> EXERCISE DIRECTIONS:
Your output should be everything below from the line containing "The transducers are" down to the line containing "Okay, welcome to", both ends included, copied exactly, with pictures left out.

> INPUT DATA:
━━━━━━━━━━━━━━━━━━━━━━━━━━━━━━
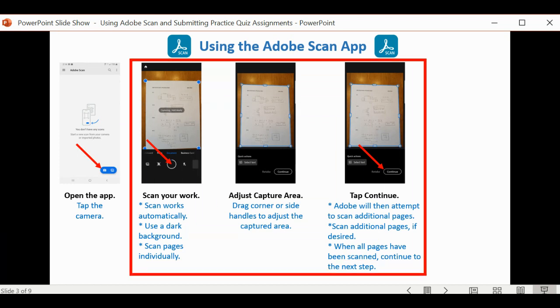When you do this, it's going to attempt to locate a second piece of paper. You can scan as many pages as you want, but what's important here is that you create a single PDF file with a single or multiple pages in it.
━━━━━━━━━━━━━━━━━━━━━━━━━━━━━━
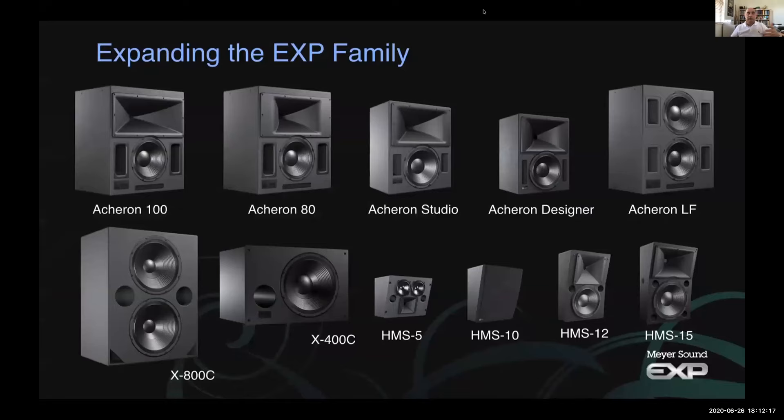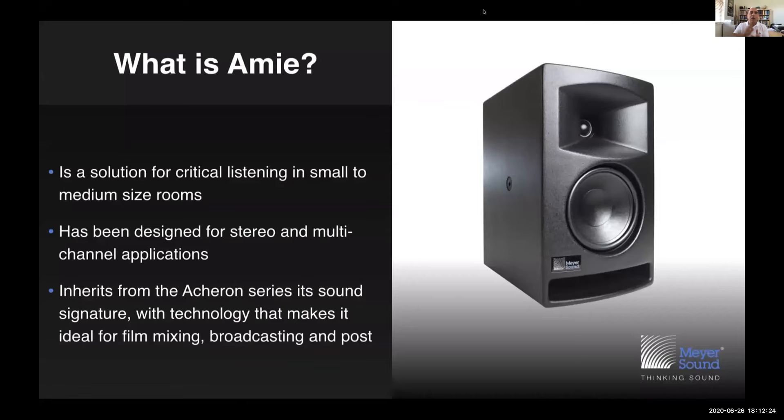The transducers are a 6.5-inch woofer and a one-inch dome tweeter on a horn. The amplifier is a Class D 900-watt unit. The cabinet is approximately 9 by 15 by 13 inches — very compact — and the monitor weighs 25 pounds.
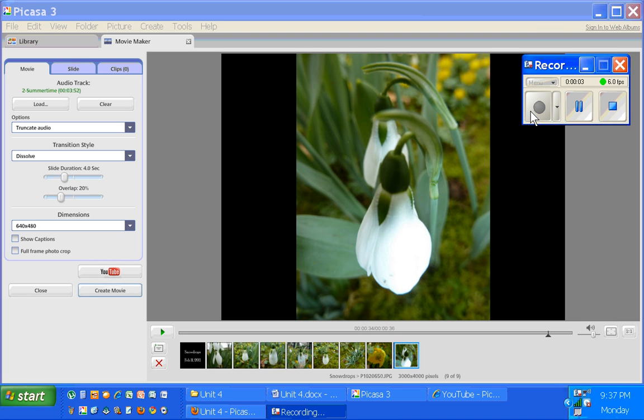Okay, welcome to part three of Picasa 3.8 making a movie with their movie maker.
━━━━━━━━━━━━━━━━━━━━━━━━━━━━━━
> WRITTEN SOLUTION:
The transducers are a 6.5-inch woofer and a one-inch dome tweeter on a horn. The amplifier is a Class D 900-watt unit. The cabinet is approximately 9 by 15 by 13 inches — very compact — and the monitor weighs 25 pounds.
Okay, welcome to part three of Picasa 3.8 making a movie with their movie maker.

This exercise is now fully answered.